The FAQ detection runs quietly in the background. After a week of traffic, check Settings → Captain → FAQs to see what questions are surfacing without good answers. That list is genuinely useful for figuring out where your docs are thin.
Tradeoffs to know
No Compose-style orchestration built in. Chatwoot does not have a built-in way to restart containers if they crash. If you’re running this on a machine that reboots, set restart: always in your docker-compose file (it’s already there in the production template).
Email needs SMTP. The out-of-the-box .env has SMTP variables commented out. Without them, Chatwoot can’t send email notifications or handle email conversations. For a quick SMTP setup, a free Resend or Brevo account works.
Captain AI is paid at the LLM layer. Chatwoot itself is free. Captain needs an API key that bills per token. For a small product with a few conversations per day, this is negligible - a few dollars a month. For high-volume support, it adds up.
Free Pinggy URL isn’t persistent. For anything more than testing, use a paid plan to get a fixed URL, then set it as FRONTEND_URL once. Alternatively, run Chatwoot on a cheap VPS ($5-6/month on DigitalOcean or Hetzner) and you own the domain.

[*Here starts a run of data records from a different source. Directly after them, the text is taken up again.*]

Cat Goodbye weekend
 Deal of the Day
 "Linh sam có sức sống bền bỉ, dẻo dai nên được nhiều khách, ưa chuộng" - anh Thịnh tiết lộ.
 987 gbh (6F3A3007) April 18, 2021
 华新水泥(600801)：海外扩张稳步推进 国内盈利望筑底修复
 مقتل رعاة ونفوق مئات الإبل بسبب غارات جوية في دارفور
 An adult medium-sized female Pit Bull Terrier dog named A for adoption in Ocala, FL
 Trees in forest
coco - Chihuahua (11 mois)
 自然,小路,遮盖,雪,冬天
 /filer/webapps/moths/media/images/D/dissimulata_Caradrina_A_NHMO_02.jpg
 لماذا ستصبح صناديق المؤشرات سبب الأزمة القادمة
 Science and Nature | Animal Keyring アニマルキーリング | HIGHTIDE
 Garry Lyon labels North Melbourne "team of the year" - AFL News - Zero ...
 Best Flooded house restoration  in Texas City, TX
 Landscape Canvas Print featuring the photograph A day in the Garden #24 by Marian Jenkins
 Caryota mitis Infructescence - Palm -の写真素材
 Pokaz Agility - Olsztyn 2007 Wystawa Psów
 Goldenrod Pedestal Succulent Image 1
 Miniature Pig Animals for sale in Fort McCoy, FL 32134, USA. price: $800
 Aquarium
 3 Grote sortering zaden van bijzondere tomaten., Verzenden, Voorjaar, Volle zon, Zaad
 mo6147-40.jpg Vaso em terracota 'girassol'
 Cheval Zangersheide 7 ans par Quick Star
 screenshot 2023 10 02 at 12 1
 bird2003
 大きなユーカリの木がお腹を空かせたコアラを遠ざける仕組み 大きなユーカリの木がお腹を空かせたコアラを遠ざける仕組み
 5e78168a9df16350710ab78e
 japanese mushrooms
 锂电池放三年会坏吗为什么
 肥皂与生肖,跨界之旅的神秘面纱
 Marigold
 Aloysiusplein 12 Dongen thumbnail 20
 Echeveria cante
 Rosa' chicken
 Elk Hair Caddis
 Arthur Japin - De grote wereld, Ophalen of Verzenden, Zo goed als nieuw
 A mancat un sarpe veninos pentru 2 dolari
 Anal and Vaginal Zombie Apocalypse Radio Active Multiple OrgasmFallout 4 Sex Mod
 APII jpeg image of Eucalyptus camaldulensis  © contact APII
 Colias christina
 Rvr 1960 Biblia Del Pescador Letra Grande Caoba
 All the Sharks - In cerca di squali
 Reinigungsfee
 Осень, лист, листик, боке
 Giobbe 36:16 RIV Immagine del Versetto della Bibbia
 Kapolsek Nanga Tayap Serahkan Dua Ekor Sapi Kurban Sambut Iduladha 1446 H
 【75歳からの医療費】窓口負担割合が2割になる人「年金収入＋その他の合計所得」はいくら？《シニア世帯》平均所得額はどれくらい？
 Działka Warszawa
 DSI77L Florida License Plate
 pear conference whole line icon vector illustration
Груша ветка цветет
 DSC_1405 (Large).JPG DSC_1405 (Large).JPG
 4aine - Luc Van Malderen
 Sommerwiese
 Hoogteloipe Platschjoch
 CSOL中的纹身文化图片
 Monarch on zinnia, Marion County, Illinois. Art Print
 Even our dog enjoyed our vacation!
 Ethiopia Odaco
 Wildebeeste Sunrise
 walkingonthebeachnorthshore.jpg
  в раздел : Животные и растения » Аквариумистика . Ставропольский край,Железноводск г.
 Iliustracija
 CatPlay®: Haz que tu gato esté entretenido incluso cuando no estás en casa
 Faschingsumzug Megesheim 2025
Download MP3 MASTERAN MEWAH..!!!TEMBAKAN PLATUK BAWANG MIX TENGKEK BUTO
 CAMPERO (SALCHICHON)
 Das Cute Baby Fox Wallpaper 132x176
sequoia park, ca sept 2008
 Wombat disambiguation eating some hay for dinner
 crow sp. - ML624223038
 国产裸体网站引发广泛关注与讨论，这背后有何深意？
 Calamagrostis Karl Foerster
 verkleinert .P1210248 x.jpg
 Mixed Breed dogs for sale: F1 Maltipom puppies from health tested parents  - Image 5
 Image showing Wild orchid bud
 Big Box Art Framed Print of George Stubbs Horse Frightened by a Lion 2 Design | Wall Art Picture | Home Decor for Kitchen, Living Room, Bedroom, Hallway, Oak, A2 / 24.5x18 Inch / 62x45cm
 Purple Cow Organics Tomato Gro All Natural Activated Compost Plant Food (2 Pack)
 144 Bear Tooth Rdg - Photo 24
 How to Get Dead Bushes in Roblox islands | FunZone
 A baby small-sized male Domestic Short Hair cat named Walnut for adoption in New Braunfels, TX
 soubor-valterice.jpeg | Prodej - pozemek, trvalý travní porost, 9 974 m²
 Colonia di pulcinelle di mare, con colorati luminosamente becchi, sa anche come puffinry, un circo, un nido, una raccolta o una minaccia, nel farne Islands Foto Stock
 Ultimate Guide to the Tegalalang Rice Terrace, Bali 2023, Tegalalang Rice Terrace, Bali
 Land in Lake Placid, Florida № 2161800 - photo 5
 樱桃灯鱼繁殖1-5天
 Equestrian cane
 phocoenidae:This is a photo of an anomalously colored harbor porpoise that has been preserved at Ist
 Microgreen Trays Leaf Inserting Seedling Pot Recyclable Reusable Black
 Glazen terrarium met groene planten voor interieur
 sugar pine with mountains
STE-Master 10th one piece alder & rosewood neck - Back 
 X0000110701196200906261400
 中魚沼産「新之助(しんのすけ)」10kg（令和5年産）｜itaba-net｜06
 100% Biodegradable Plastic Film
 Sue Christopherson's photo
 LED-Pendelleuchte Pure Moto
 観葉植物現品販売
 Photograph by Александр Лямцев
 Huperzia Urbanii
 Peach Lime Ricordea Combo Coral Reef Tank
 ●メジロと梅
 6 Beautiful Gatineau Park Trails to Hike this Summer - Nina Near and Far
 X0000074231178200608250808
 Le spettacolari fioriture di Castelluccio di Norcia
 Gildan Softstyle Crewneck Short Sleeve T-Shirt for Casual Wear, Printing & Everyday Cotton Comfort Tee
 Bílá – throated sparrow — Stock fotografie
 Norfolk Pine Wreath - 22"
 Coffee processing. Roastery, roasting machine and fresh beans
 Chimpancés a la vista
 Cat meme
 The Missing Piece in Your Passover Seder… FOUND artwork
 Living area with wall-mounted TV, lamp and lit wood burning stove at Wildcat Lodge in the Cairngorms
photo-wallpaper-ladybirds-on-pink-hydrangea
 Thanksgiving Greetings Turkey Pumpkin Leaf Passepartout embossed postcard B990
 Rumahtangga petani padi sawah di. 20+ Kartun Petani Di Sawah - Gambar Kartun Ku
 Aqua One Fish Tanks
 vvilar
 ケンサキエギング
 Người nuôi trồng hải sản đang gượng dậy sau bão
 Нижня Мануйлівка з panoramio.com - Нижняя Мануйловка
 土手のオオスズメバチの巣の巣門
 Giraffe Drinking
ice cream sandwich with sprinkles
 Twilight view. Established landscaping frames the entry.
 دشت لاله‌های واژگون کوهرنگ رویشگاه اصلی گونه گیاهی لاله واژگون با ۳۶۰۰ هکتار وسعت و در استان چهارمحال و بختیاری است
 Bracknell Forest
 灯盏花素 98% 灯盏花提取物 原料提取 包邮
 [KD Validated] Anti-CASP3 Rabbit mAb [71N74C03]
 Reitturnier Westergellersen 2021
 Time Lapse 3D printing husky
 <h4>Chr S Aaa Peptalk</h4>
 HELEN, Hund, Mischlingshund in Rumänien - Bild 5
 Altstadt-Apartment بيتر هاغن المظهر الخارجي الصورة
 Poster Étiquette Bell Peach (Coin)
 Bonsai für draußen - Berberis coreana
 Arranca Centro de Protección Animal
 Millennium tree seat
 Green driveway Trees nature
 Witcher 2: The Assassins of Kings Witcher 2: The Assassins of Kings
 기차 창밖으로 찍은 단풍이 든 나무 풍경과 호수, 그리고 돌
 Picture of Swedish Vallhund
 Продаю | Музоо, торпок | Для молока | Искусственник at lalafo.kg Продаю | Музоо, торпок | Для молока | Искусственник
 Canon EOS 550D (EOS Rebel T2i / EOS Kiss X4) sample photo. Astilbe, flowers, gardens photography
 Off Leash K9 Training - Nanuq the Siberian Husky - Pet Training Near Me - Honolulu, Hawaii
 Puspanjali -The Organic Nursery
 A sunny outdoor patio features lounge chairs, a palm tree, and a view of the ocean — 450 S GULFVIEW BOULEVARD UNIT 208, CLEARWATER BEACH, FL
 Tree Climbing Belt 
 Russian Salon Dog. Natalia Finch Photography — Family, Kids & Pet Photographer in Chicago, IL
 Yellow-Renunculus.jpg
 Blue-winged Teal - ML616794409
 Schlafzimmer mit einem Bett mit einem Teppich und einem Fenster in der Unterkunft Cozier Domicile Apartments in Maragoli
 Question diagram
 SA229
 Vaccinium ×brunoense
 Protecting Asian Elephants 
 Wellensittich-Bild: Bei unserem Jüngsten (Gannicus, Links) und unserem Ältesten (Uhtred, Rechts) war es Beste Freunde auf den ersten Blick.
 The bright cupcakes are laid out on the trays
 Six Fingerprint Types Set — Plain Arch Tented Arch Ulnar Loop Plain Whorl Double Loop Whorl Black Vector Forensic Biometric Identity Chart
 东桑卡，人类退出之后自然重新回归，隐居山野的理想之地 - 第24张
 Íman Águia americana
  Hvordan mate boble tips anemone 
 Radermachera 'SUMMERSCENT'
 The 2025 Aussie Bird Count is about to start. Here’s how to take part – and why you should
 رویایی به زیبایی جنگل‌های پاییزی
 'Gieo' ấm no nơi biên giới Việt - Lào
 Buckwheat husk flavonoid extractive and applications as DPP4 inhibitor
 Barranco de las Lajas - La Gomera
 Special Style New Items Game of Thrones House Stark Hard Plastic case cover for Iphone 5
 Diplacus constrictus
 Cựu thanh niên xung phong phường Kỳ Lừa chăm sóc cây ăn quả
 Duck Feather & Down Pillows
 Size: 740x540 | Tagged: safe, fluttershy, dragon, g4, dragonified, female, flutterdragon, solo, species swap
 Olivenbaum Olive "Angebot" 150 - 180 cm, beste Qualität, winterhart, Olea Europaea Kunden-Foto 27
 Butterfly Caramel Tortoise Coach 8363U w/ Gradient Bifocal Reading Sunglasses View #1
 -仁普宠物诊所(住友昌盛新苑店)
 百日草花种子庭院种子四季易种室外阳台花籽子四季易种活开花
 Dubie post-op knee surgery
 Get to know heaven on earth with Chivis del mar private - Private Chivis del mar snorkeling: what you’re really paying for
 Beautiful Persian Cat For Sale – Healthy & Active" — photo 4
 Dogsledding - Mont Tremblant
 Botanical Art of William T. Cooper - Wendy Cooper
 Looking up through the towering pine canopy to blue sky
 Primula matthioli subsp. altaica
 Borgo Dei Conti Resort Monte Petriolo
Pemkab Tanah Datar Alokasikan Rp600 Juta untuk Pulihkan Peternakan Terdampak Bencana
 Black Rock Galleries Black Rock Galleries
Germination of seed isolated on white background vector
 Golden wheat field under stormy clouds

Resource requirements. The Docker stack uses about 600-700 MB RAM at idle with a light database. Chatwoot’s docs suggest 2 GB RAM minimum for a comfortable experience. A Raspberry Pi 5 or any reasonably modern laptop handles it without trouble.
The cost comparison
Intercom’s starter tier is $74/month (2 seats, no AI features). With AI features it’s $300-900/month depending on conversation volume. Zendesk Suite runs $55-115/agent/month.
Chatwoot self-hosted is $0 for the software. Add $5/month for a VPS if you want persistence, and LLM API costs for Captain if you use it. For an indie product doing 50-200 conversations a month, you’re looking at under $10/month all-in versus hundreds with a SaaS tool.
The tradeoff is maintenance - you own the stack. Upgrades are manual (docker compose pull && docker compose up -d). Backups are your problem. If that sounds like work, it is. But it’s an afternoon of setup for years of saving.
Wrapping up
Chatwoot handles the full customer support lifecycle - live chat, email, social channels, AI responses, agent collaboration - from a single dashboard you run on hardware you control. v4.14.2 shipped three days ago with Captain as a first-class feature, and the June release cycle lands next week with more fixes.
The local setup is solid. The only missing piece is a public URL, and Pinggy covers that without any infrastructure changes - one ssh command and your Chatwoot instance is reachable from anywhere.